Much of what I knew about the United States, as a child in Austria, was based on the lives of the Ingalls and Wilder families. My sisters and I were obsessed with hoop skirts and bonnets. We played at churning butter with buckets of mud in the backyard. 

Above all, the journey west in a covered wagon captured my imagination. We built covered wagons out of chairs and sheets and filled them with everything we could think of — a tea set, blankets, pillows, the chest of dress up clothes. My destination was always Montana, where my make-believe husband grew up. 

When we finally moved to the United States, I learned that no one actually lived and travelled in a covered wagon anymore. That life was limited to historical reenactment museums. But the idea of a small mobile dwelling has never left me. 

In my early 20s, I learned about eco-minded people living in tiny houses on wheels, and I have dreamed of building my own tiny house ever since. I like the idea of living in a home where each object is considered. A home that doesn’t tether me to a mortgage and promotes a lifestyle of limited environmental impact.

I feel ready to do more than just think about tiny houses. Next week, I’ll take my first concrete step. I’m registered for a tiny house building workshop. I hope to track my progress here.

Sunday, July 27, 2014

Picture stories

I'm enrolled in a five-week data-visualization class. The idea is to learn the mechanics of telling stories with numbers and pictures, which happens to be quite tricky.

I woke up in the middle of last night, restless and thinking about my latest assignment.
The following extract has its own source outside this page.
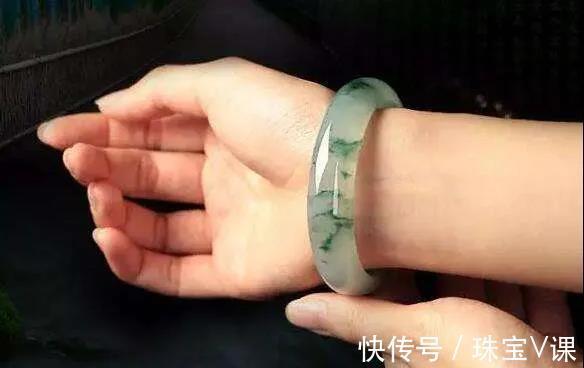 神像@有翡翠的注意咯,十大禁忌必须要清楚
I tinkered for hours with a map component. This evening, I finished. I'm damn proud of these visualizations that explore the top baby names in Vermont.

Monday, July 21, 2014

Time to take flight

June and now half of July have rushed past. I’m afraid that summer will be a distant whistle before I get the chance to acknowledge her presence.

Still, I’ve enjoyed all the things that have kept me from those long, do-nothing summer days. The weekends have been packed with family, friends and weddings. The days filled with work, coffees, drinks, dinners and travel — all at a pace out of sync with the slowness of my writing. I need an expanse of time to form complete thoughts from words. For me it cannot be done during the 30-minute ferry ride across Lake Champlain or the 45 minutes between yoga class and my workday.
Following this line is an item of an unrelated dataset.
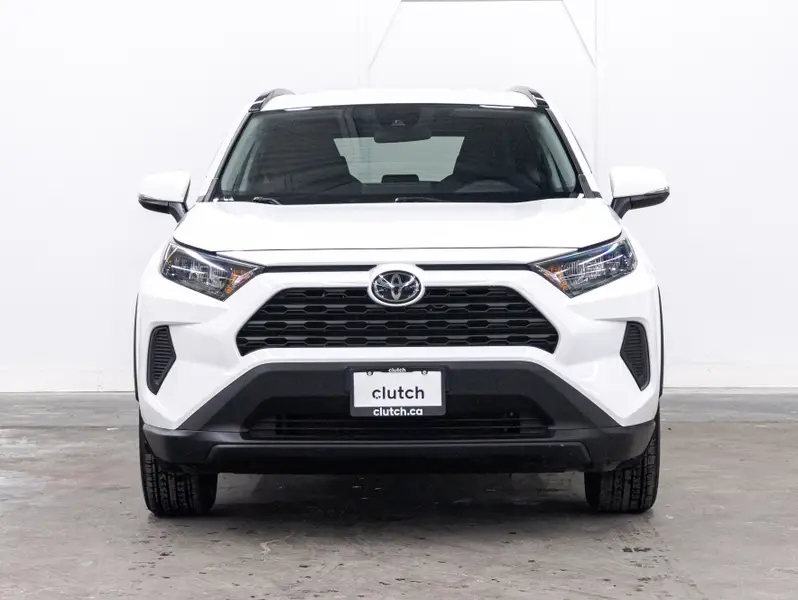2020 Toyota RAV464079022538370121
I’ve thought about slower and too-slow times in my life and wondered where the balance lies with my current constant state of motion.
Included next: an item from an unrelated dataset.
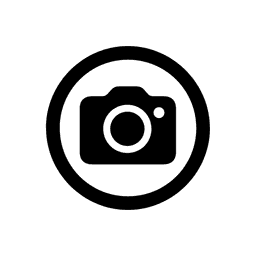 Camera & Media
I think of summers in Massena, N.Y., during my adolescence. The town had very little to offer me at 14. There were trips to the library and the beach on the shores of the Saint Lawrence River. But I didn’t care much for reading then and the river was far too cold for more than a dip. In the evenings I crossed the road and the park to my grandparents’ house to watch “Wheel of Fortune” and “Jeopardy” and on Saturday nights, “The Lawrence Welk Show.”

I remember being moderately depressed in the mornings by the expanse of time that lay before me. I tried to make the most of it. I read “Gone with the Wind” one of those summers and knit half an intricately patterned gray wool sweater. I also obsessed about irrational fears. After seeing “The Exorcist” at a friend’s house, I grew terrified of being possessed. And despite having a healthy dose of sex education, I worried that by pressing my bellybutton in just the right (or wrong) way I’d become miraculously pregnant. Without more engagement and structure, my mind roamed to dark places.

Bread Loaf blooms

It wasn’t until my mid-20s that I found the happy balance of purpose, structure and time. I started Vermont’s Bread Loaf School of English after a year of scattered work and unfocused writing. I got to the mountaintop campus in June as the fields bloomed with color. I took classes and worked as a server in the dining hall. The coursework nudged my mind away from obsession. Serving breakfast, lunch and dinner separated my days into workable bocks of free time. My writing took flight in the sunny, Adirondack-chair hours between lunch and dinner service.

My writing has come to a standstill in the past months, but thanks to those Bread Loaf summers I understand what I’m missing. Although I don’t regret the activity, I need more Adirondack-chair hours. I need to remove some structures from my day. I need to clear a runway for takeoff.